I'm currently struggling with finding a way to extract domain names in urls.

My strings

xyz.weam.com 
we2.wal.com 
abc.workwork.google.net

I would like it to look for (com|org|net) and take the string before the match including the match until it hits the first (.) going backwards.

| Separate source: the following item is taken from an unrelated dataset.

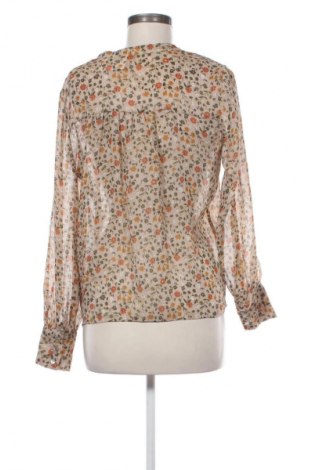 Dámská košile  Stradivarius, Velikost M, Barva Vícebarevné, Cena  79,00 Kč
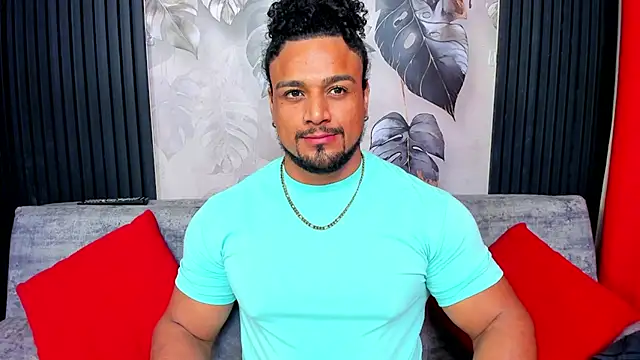 MikeEstevess online show from March 2026 05:38:02 PM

I have tried different combinations of lookbehind and positive lookahead but I was never able to make it stop at the right dot (.).

  • 2
    What programming language are you using? – MonkeyZeus Dec 13 '19 at 15:42
  • 2
    If positive lookbehinds are available then this would work `(?<=\.)[^.]+?(?=\.(?:com|org|net)$)` – MonkeyZeus Dec 13 '19 at 15:46
  • From the [regex tag info](https://stackoverflow.com/tags/regex/info): "Since regular expressions are not fully standardized, all questions with this tag should also include a tag specifying the applicable programming language or tool." – Toto Dec 13 '19 at 15:52
  • Thanks, it used JavaScript and your query didn't work. – MoAlshahrani Dec 13 '19 at 15:54
  • 1
    It's usually just as simple and more performant to use capturing groups instead of lookarounds, e.g. `\.([^.]+).(?:com|net|org)$` and extract your target value from the first capturing group (`"abc.workwork.google.net".match(/\.([^.]+).(?:com|net|org)$/)[1]`) – Aaron Dec 13 '19 at 15:55
  • Thanks Aaron, that did the trick. I'm wondering though if it is possible to make it generic to capture any TLD that could be thrown there rather than specifying them in the query? – MoAlshahrani Dec 13 '19 at 16:19

1 Answers1

0

Thanks for the answers guys and especially to Aaron, his answer worked perfectly.

His Regex did the trick.

\.([^.]+).(?:com|net|org)$